It’s nine days after the murders and injuries occurred in Aurora, CO. Several of the victims have been buried. We await the arraignment of the suspect tomorrow. And business goes on as usual in Hollywood, with the exception that instead of reporting the amount of money, “The Dark Knight Rises” earned on it’s opening weekend immediately, those figures were withheld until now, “out of respect for the victims.”
On January 18, 2012 thousands of bloggers and businesses “went dark” for twelve hours to protest what we believe was an attempt by the Congress to try to restrict freedom of access to the internet. You might have thought that sort of protest was something that would be orchestrated in China – but it happened here in the United States of America. I am proud to say I participated in that protest.
The bills passing through Congress were largely supported by the Hollywood infrastructure. Their reasoning was that these bills were designed to protect their proprietary intellectual property from theft. I support that principle because it is just and fair, but unfortunately the bills went further and could be interpreted far more broadly than it appeared from a superficial reading.
“Out of respect for the victims” I would have been impressed if Hollywood had done something truly dramatic – like simultaneously cancel one showing of “The Dark Knight Rises” at all theaters throughout the world. It would have cost them nothing and might have actually drawn more viewers who, like me, felt this was a display of true soul and compassion by the creators of this picture.
Perhaps there is a reason this did not happen – a good reason.
Since the shootings the mainstream media have been filled with discussions about weapons and restricting access to them. It sells tabloids and rivets us to our nightly news shows.

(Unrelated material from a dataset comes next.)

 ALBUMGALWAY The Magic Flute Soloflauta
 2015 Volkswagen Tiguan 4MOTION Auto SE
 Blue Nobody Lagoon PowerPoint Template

Comparatively little has been said about the culture of violence in our society which might drive a person to commit the atrocity of which James Holmes is accused.

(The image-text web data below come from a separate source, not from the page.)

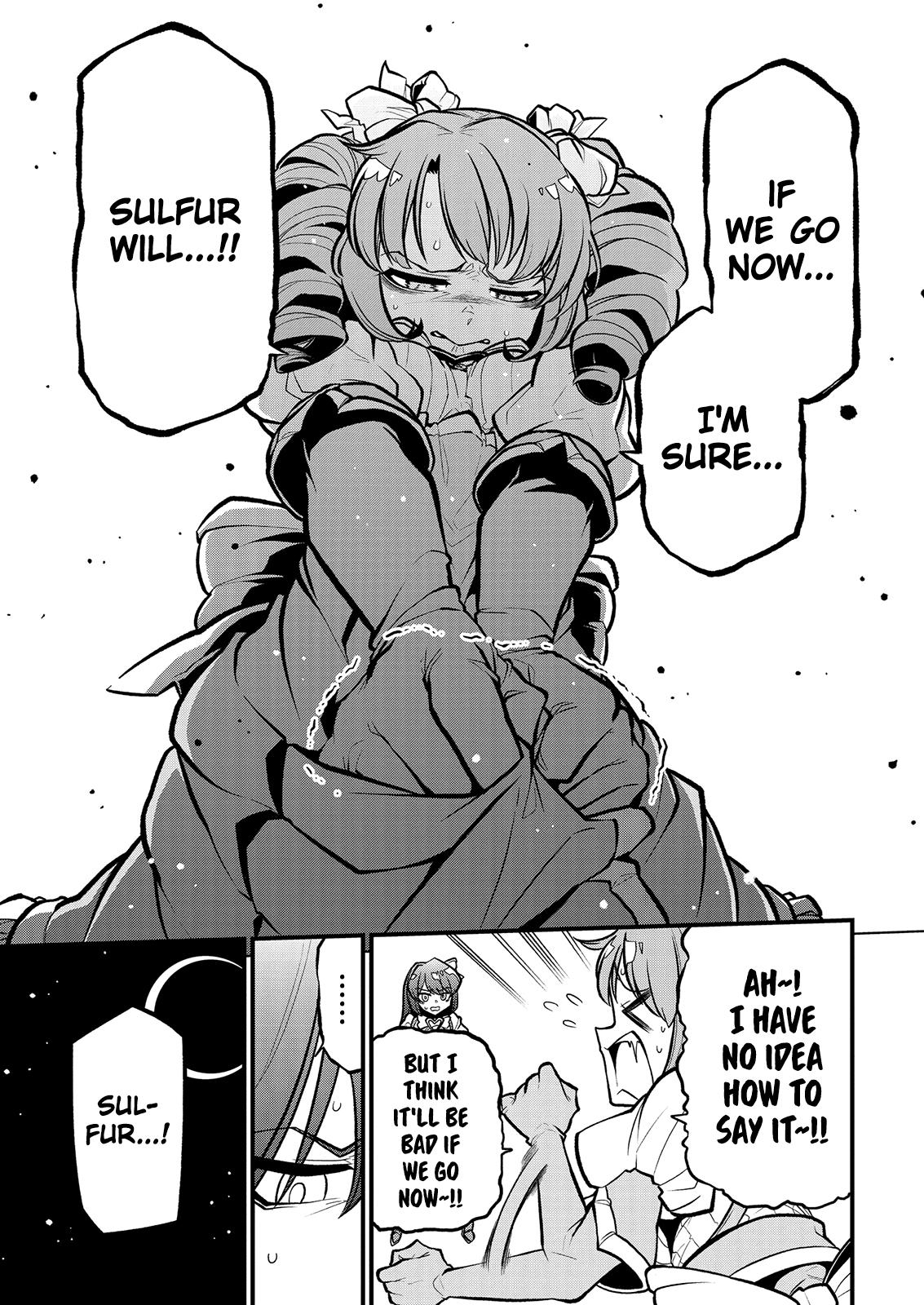 Mahou Shoujo ni Akogarete Chap 30 - Next Chap 31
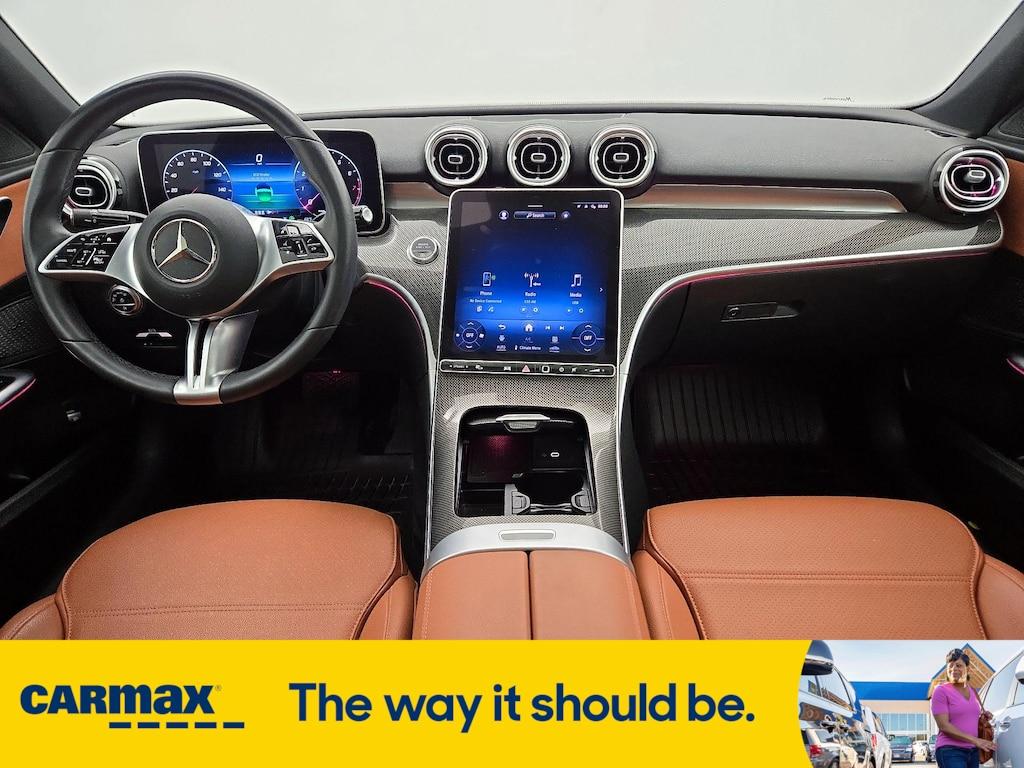 used 2023 Mercedes-Benz C-Class car, priced at $39,998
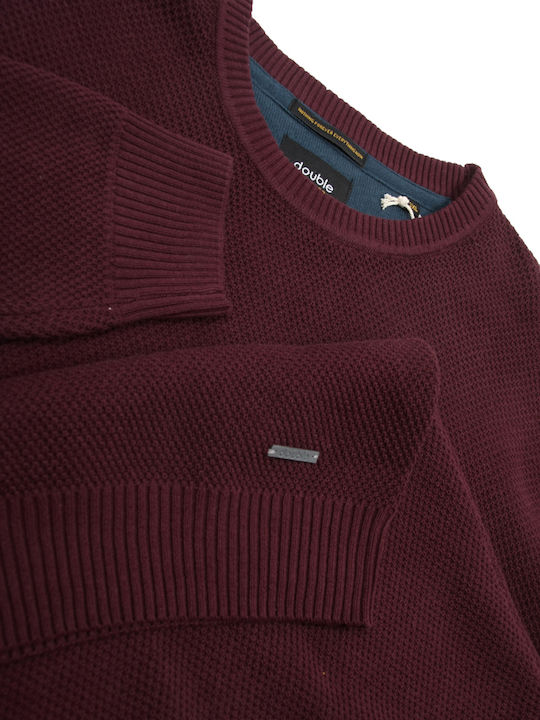Long Sleeve Sweater Aubergine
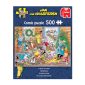 JvH a wooly christmas puzzle image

I remember, as a child, hearing that old Chinese expression, “Monkey see, Monkey do.” I understood it’s meaning as a six year old and nothing has changed in the intervening years to change that but merely reinforce it.
It is hard for anyone but the most zealous stalwart supporter to argue against the fact that the movies that are released have become more and more violent with each incarnation. And while this may not be the only cause for the increased violence and hostility in our society, it is hard to believe that it doesn’t bear at least some of the responsibility.

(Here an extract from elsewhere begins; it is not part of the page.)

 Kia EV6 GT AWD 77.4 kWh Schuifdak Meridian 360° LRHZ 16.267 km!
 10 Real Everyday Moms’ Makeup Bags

A person could make the argument that if consumers didn’t readily agree to buy what Hollywood has to sell, they would have to change their product line. That is an extremely valid point. But it is also one that could be made about a person who sells heroin or crack cocaine.
I in no way want to imply that I am looking to impose yet more regulation and censorship than already exists other than responsible self-regulation. To do so would be fruitless anyway as Hollywood is too snugly in bed with this administration.
But I would ask those producers and directors and screen writers to look back to a golden age in their history when they made quality, non-violent and just plain fun movies to which we could bring the kids without fear of what they would see or hear. That really happened, once upon a time in America.